I always begin my literary explorations with a basic questioning of the supposed “truth” found in historical documentation. What did the Native prisoners experience as attempts were made to educate and evangelize them? The officials gave ledger books to the prisoners in which to draw.

I am interested in the facts of their imprisonment, and more so the spirit or the heart of their experiences which find no documentation in records of the federal government.

I also searched for central ideas. I am interested in the mental and physical correspondences the Indians found as they looked for the familiar in an unfamiliar environment. It could be as simple as the sameness in the shapes of sails on the water and teepees on the prairie. Those evidences are visible in Bear Heart‘s ledger book drawing, which Richard Henry Pratt put in his typewriter and wrote the caption, Camp on Anastasia Island 1876. 

In some ways, Pratt ruined the ledger book drawing, but in another way, he gave me the idea that I could reimagine another type of story of the Fort Marion prisoners. Pratt’s identification of the ledger book art made possible the inclusion of the process of writing the book within the narrative of the book.  I also included some of my own education with the approval of my editor, or maybe it was his suggestion.

There are correspondences in the word itself.  Correspondences as in likeness, and correspondences as in communication. Hello from Florida. Wish you were here. The natives missed their families. They actually sent occasional letters and money from the sale of their artwork and the sea beans they polished.  I also see the book itself as “correspondence.” The Natives’ voices are imagined messages that could have been sent.

Another ledger book drawing in which correspondence plays a part is Etahdleuh Doanmoe’s An Omaha Dance Given by the Prisoners, 1877, which depicts a pow wow at Fort Marion that the Indians held for tourists. The Indians were used to the natural walls of ravines and rises in the land. The man-made wall of stone at Fort Marion corresponded to the artificial world in which they were placed.

While the dances may have provided momentary regeneration for their spirits, while serving as fund-raisers for the fort, they also brought to the surface the other side of the correspondences— somewhat friendly on the surface— but underneath, the currents pull you farther from shore until you are in over your head, which is where a trip to Native American history sometimes leads. I like to give voice to historical characters who did not have a chance to speak— who recorded some of their experiences in ledger book drawings, but not the summations— the close knit of oppositional and generative forces— and the stonewall effect of the government in Indian affairs.

Notice the formidable two or three story brick building and the striped lighthouse in Bear Heart’s drawing. Florida was an impossible land full of ocean air and the removal from everything they knew.

Fort Marion was a prison. I’ve been there several times for research, which in my case is reading books, then standing on the terreplein listening for the prisoners’ distant voices that sometimes seemed to speak in the plaintive call of gulls. My own history abounded there also as I circled the walkway around the wall of the fort from which the ocean is visible.
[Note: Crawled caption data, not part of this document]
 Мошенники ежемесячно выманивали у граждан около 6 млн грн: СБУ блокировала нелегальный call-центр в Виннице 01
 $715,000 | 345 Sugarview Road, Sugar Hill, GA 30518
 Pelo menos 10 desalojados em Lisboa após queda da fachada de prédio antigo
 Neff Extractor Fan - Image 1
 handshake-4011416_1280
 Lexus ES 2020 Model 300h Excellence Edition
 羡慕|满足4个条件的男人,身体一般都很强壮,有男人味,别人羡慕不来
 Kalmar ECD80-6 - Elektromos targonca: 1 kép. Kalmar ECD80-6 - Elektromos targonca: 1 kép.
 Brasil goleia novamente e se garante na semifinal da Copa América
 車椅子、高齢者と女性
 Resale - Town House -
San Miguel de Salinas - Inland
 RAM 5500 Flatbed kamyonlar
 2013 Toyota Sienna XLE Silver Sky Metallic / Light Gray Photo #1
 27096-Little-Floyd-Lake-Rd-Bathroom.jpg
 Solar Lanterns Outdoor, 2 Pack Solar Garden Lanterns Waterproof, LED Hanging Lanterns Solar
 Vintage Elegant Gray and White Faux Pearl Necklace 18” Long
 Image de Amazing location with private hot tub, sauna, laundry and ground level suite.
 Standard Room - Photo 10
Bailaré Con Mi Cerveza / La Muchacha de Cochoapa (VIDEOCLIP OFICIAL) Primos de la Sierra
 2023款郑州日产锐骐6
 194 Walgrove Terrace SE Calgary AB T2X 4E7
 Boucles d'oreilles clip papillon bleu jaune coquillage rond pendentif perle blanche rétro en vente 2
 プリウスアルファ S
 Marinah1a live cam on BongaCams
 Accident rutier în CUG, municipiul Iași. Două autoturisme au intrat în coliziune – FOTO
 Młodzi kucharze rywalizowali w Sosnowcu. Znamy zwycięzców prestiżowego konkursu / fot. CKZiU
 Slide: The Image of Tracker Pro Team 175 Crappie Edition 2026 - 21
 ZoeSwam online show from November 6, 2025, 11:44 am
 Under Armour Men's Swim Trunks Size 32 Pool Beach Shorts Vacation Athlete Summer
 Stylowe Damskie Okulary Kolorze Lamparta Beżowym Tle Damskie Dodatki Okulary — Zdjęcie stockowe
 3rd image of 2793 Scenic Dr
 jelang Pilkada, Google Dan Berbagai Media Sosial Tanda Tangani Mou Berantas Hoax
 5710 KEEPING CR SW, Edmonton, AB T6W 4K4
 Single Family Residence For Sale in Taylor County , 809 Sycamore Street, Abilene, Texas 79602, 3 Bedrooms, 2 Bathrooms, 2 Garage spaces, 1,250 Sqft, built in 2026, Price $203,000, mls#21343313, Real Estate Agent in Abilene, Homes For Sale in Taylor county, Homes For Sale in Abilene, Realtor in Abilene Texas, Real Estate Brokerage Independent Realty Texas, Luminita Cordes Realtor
What must it have been like?  Actually there was no circling. Squaring the walkway around the top of the wall is a more correct term. How thin language becomes when made to explain something. But circling a square sometimes is what the writing process is.

I write during travel. Maybe I travel to write. I don’t know which is true, maybe both. I find the past in the movement over the land. The land carries memories. I’ve stated this in the past. I’ve probably stated it in several places. Fort Marion Prisoners and the Trauma of Native Education is a continuation of my work. I have been drawn to the voiceless ones who lost their way of life. As writers, we go where the voices call.